5. HE LIKES HIS VAMPIRES SCARY.
“When I was approached about turning The Strain trilogy into a TV show, there were two things that attracted me,” Cuse said. “One was collaborating with Guillermo del Toro, and the second was the idea of reclaiming vampires as horrific creatures. I love that core idea in the books by Guillermo and Chuck Hogan. I, too, was very tired of vampires being depicted as brooding, romantic dudes with girl problems. It was time to take back the night!”
6. HIS FAVORITE SHOW IS VEEP.
“Absolutely next-level comedy,” is how Cuse describes the HBO series. “I can't believe how good it is. Everybody who makes that show is absolutely at the top of their game.”
7. BRUCE CAMPBELL IS THE HARDEST WORKING MAN IN SHOW BUSINESS.

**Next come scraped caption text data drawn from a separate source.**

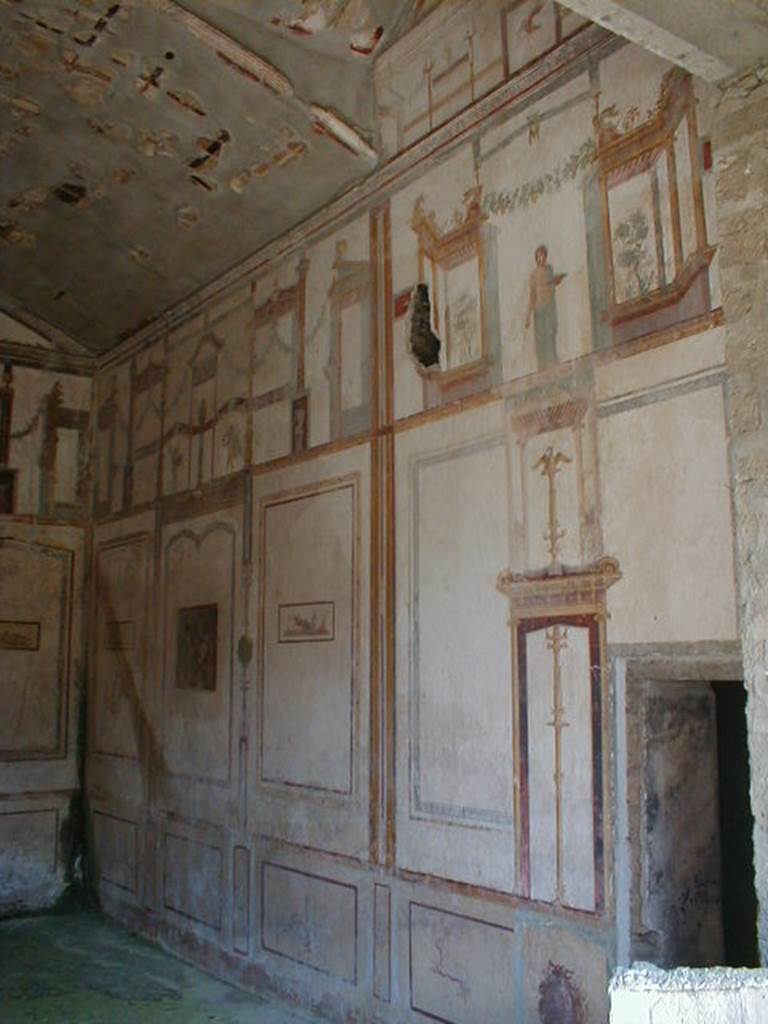 IX.13.1-3 Pompeii. September 2004. Room 11, east wall with doorway to room 10.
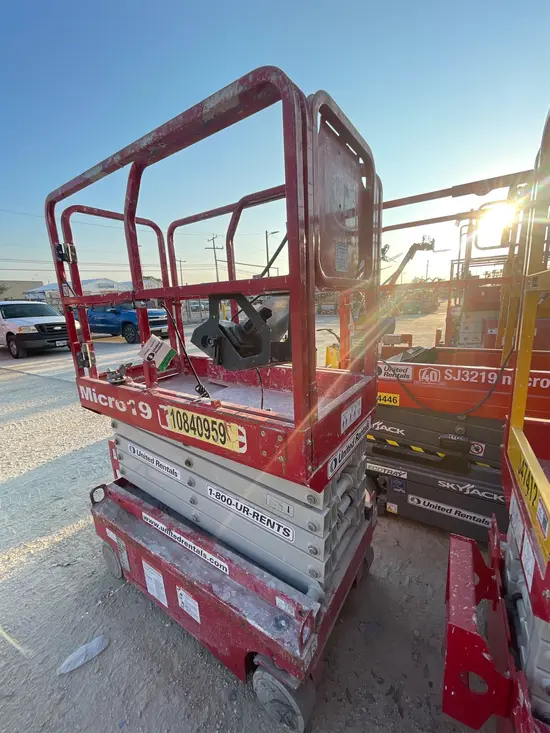 2018 MEC MICRO 19 Scissor Lift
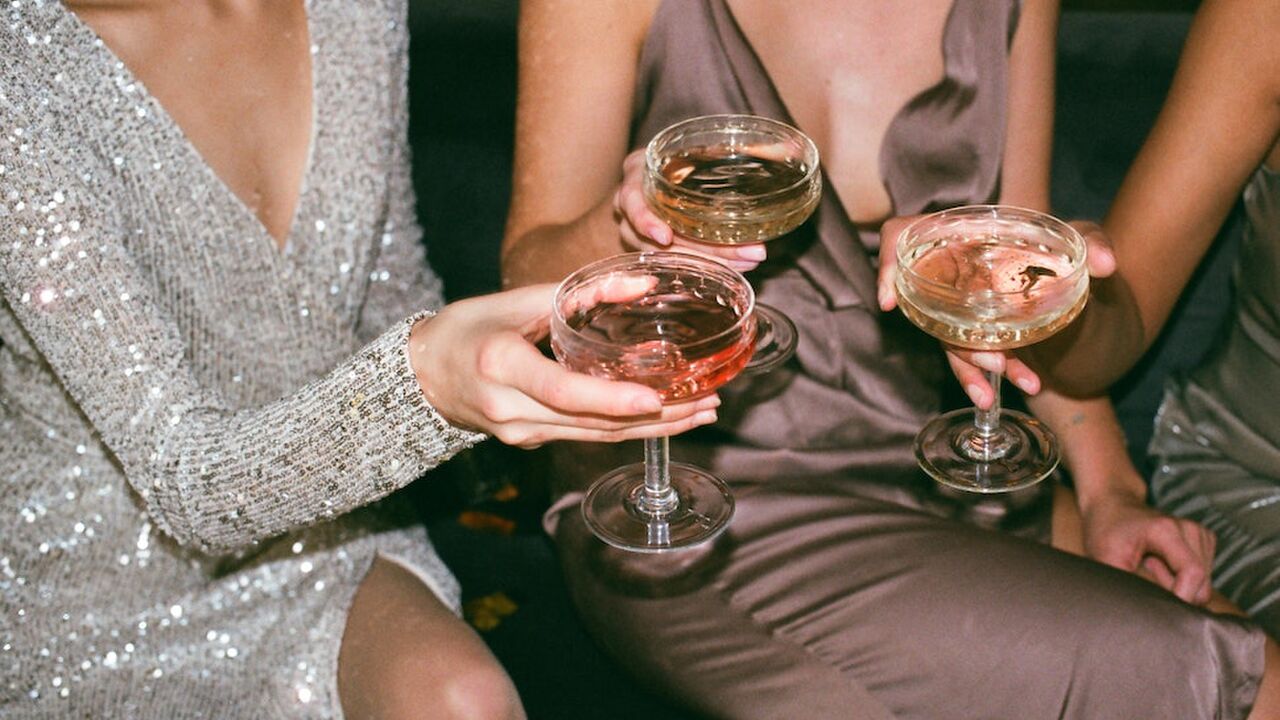 Illustratie voor: Deze leuke drankspellen wil jij dit weekend spelen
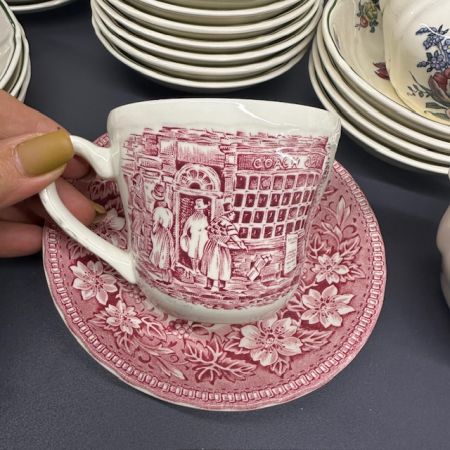 Чайная пара Royal Tudor Ware Coaching Taverns 200 мл Англия ironstone ironstone       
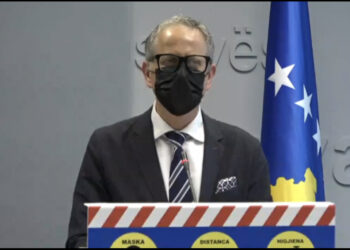 Kosova liron masat anti-Covid, hapen barët, restorantët, nxënësit kthehen në bangat shkollore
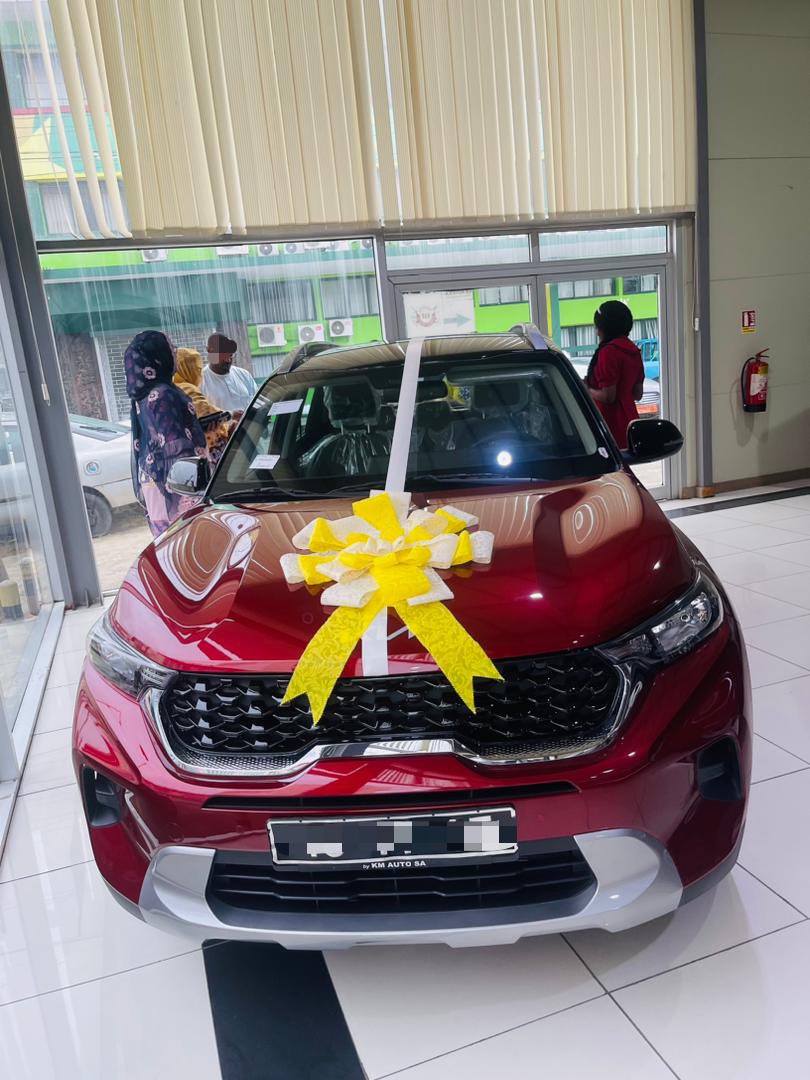 KiaCameroon's tweet photo. Avez-vous déjà fait l'expérience du KIA Sonet ? 

Bientôt re-disponible dans nos différents showroom 
📍Douala Avenue de Gaulle-Bonanjo
📍Yaoundé Bata- Nlongkak 

#kiacameroon #kiaworldwide #kiasonet #kmauto https://t.co/spyzksjjuV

In discussing The Adventures of Brisco County Jr., Cuse said, “That was the first show I created, and it remains incredibly close to my heart. Bruce Campbell, honestly, is the hardest-working man in show business, and also just so funny, zany, and wonderful. I really suffered a lot of pain when that show was canceled. I think had we been in a different time slot, it would've gone on for a long time; I miss it a lot. I usually see Bruce at Comic-Con, and it's one of the things I most look forward to when I'm down there.”
8. FANS MISINTERPRETED THE LOST FINALE.
When asked whether there were any misinterpretations of his work that he’d like to clear up, Cuse explained that, “At the very end of the finale of Lost, there are a bunch of images of the plane wreckage on the beach. And those were meant to be a quiet, emotional transition from the ending of the show. Unfortunately we didn't have a bunch of footage of each of the locations; when you're making a TV show, you don't shoot extra footage. So we didn't plan that people would interpret what we meant to be a breath of air at the end of the show to be some sort of final twist that all the characters were dead all along, or something like that (which some people did). It was hard, on Lost, to do anything that wouldn't be interpreted as being a part of some larger construct because of the nature of the show. But that's something I think we—in hindsight—would have tried, to find some other footage there, to make our intentions clearer."
9. YOU’RE NOT GOING TO GET ANY MORE OUT OF HIM ABOUT LOST.
When asked if he could share just one mind-blowing revelation that no one knows about the series, Cuse asserted that, “Damon and I feel pretty strongly that we want to let that show stand on its own, and allow people to speculate about their own solutions, and theorize about the show. I think it's not great to be back-filling information five years after the show's ended.”
10. BEING ABLE TO SHARE YOUR VOICE IS THE ULTIMATE MARK OF SUCCESS.
“I think success is getting to a place in life where you're able to truly express your inner-self,” said Cuse. “I see that as the journey of my career. We all have a special, unique inner voice, and I think if you are able to share that voice with others in your work or your life—that (for me) is one definition of success."